Abbiamo assistito, negli anni, fino ai nostri giorni all’ utilizzo di ingenti quantità di denaro pubblico per mantenere in vita imprese al di fuori di una logica di mercato o per ripianare le perdite di imprese e di enti pubblici degradati a meri esecutori di direttive politiche.
Lo statalismo denunciato da Malagodi ha progressivamente inciso, deteriorandoli, sui rapporti economici creando collusione tra il mondo politico e il mondo dell’economia, fenomeni di assistenzialismo e di corruzione privilegiando gli interessi settoriali forti risolvendosi in una pubblicizzazione dell’economia senza vera socialità.
Mentre lievitavano gli enti pubblici, declinava lo spirito pubblico.
Sono consapevole che il confronto con il passato può essere fuorviante e che non è agevole discernere se tra un’ epoca passata e la presente vi sia una cesura assoluta o una continuità decadente.
Certo è che Malagodi fece parte di un’esigua classe dirigente il cui codice contemplava devozione al bene comune, scrupolosa probità, decoro, grande apertura culturale cosmopolita, fede sincera e appassionata nella democrazia liberale, doti queste che furono meno apprezzate all’epoca di quanto possano esserlo dalle nuove generazioni.

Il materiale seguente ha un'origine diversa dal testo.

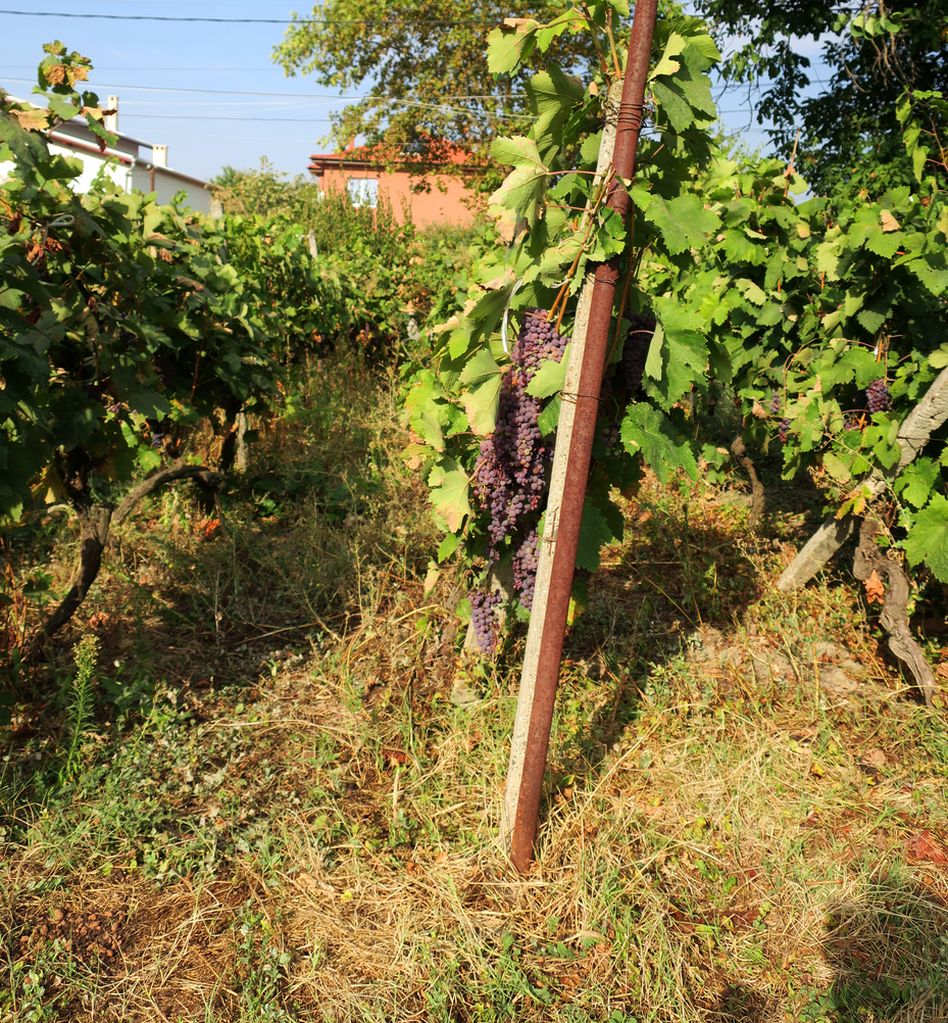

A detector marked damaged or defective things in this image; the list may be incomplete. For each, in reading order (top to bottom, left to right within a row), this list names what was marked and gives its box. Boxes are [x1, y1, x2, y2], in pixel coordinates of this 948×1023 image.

rusty metal pole [503, 0, 658, 875] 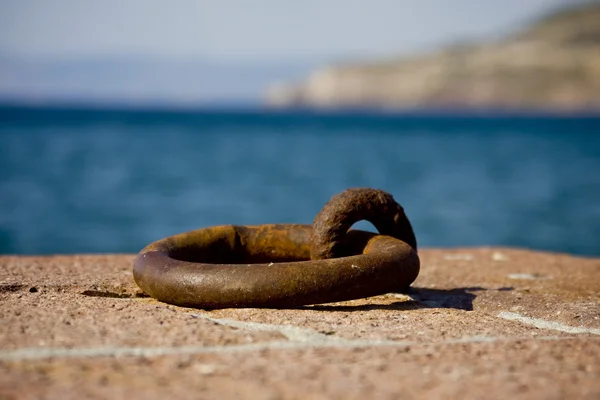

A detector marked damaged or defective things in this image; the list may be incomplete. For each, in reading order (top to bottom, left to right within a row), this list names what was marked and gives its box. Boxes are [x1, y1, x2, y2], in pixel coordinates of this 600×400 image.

rusty metal ring [310, 188, 418, 260]
rusty metal ring [134, 225, 420, 310] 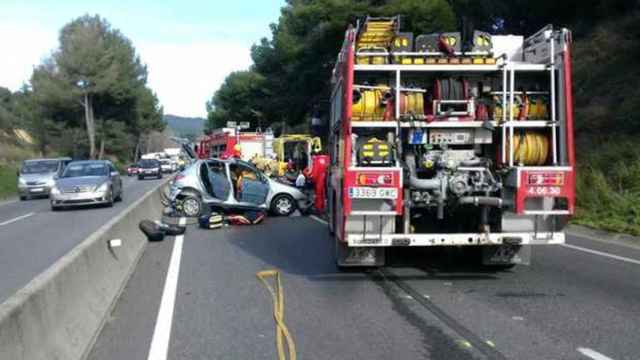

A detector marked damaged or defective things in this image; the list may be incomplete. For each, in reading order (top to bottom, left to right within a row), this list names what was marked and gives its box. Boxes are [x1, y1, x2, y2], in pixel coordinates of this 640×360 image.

silver wrecked car [49, 159, 122, 210]
silver wrecked car [169, 158, 312, 217]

Senza volermi ergere giudice della nostra epoca, credo che l’esperienza e certi modelli del passato, se comparati al paesaggio politico attuale, fatto di semplificazione demagogica dei problemi, di dileggio della cultura quale privilegio castale, di impoverimento del linguaggio, della rivendicazione orgogliosa dell’incompetenza, di mancanza di visione politica, di appiattimento, trasformista e narcisista, sul presente, possano ancora essere un monito, un’eredità da non disperdere per tentare di riempire il vuoto di oggi.